“On the death of a friend, we should consider that the fates through confidence have devolved on us the task of a double living, that we have henceforth to fulfill the promise of our friend's life also, in our own, to the world.”
~Henry David Thoreau
Death of a loved one is a harrowing and heart rending experience - it shakes all your beliefs, de-stablises you to the core and makes you question the point of anything and everything. Getting out of the vicious cycle of doubt and sorrow is extremely difficult. I am writing this post in the hope of moving people out of the cycle and this is in no way an expert advice. Definitely, a few pointers will change depending on the closeness you had with the one who left us behind.
1. "The best way out is always through" - Robert Frost: Holding back your grief is not going to help. It is perfectly fine to breakdown and feel sorrow, the worst of it - to remember the soul and relive past. It is ok to cry your heart out and even to question life. But it is ok only for sometime - a week, fortnight or even a month. But then you need to tell yourself - Enough! Enough of grieving, take charge of life and remember the person in a way that makes you smile - they would want that too. And this is the beauty of our mind too, the moment we put our foot down, it adheres to us and creates thoughts the way we want to think.
2. Detachment: Consider this (even for just a day) - the world is a drama and this life is like one season of the drama and our next life would be the next season.
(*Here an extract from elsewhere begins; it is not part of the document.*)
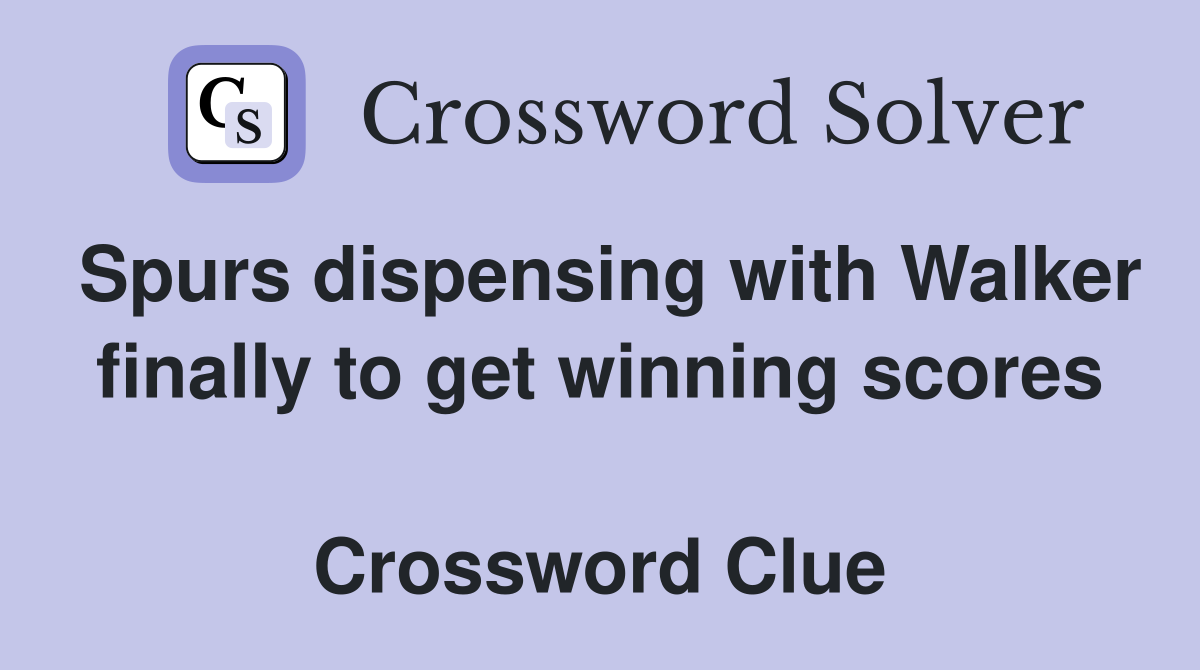 Spurs dispensing with Walker finally to get winning scores  Crossword Clue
In the next season, we all have to come back again to settle our karma accounts with each other however for now we need to play our role very well regardless of which actor has left the show till next season. Look at the life events and yourself from the eyes of the audience and then think if you are playing your part well. This exercise gives a lot of objectivity and can be the focus for your meditation. It also gives you the hope of meeting the other person in the next life.
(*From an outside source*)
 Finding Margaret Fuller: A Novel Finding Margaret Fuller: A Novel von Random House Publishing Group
3. Be Happy: Be happy even when it takes immense effort in the beginning. Your loved one would hate to see you so sad and hate themselves further for being the cause of it. You need to be strong for them and for yourselves.
4. Get busy: Try to get back into routine and take baby steps in life. Moving on will seem impossible but then we all have a purpose in life and the fact that we are still alive means that we still need to fulfill our purpose. Find that purpose and take small steps towards it.
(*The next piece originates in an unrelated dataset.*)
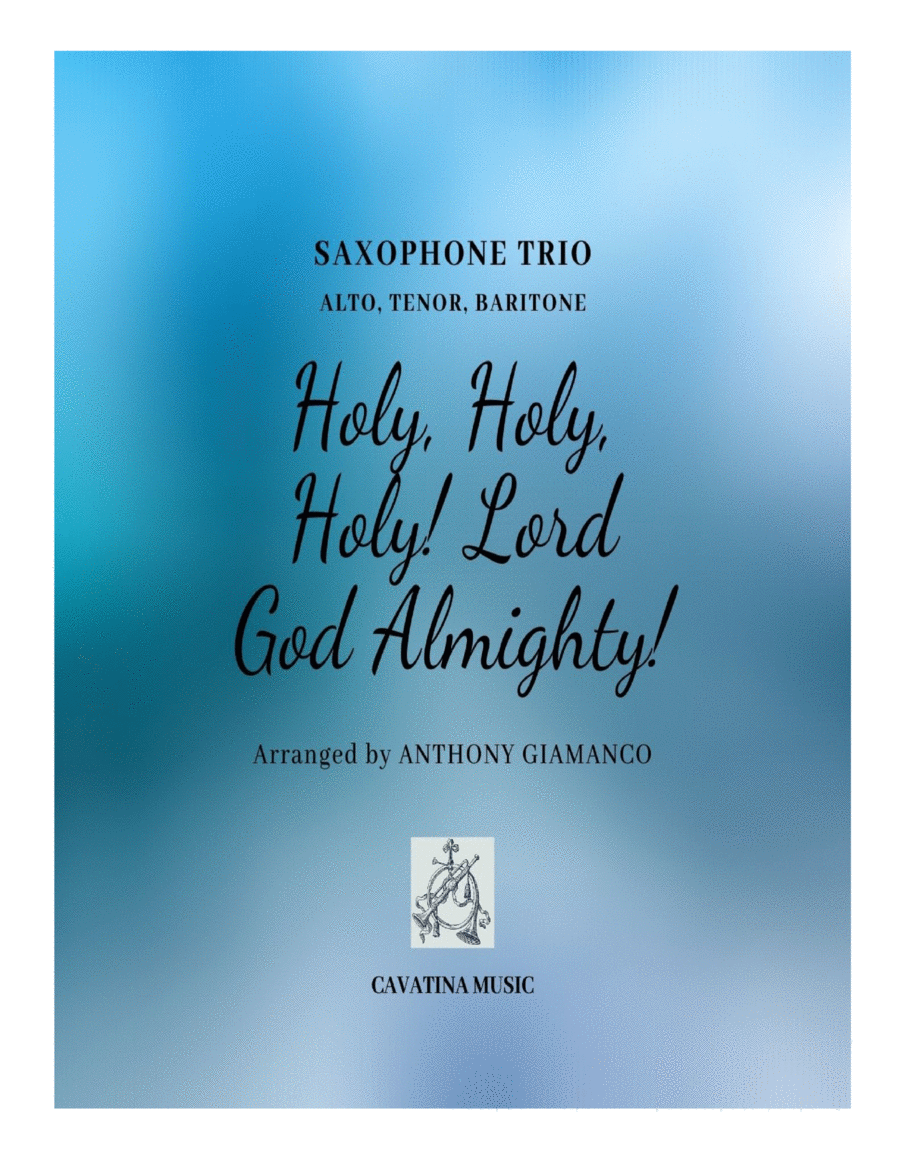 Holy, Holy, Holy! Lord God Almighty! (Saxophone Trio - ATB) image number null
5. Do not engage in self-pity: Be mature, be strong and take life in control. Even in the face of the great loss, there are a lot of loved ones who are still alive and need you - lets not ignore them. I believe that whenever God gives us trying times, he also gives us the strength to overcome these circumstances - find your inner strength
6. Help others: Volunteer and help other people. Helping others is the best way to keep yourself happy and content. It makes you feel worthwhile and gives you the strength to move on
Remember, end of life does not mean end of love and love is a positive feeling which gives you strength - don't let it be your weakness.
What ways do you adopt to cope up with such a loss?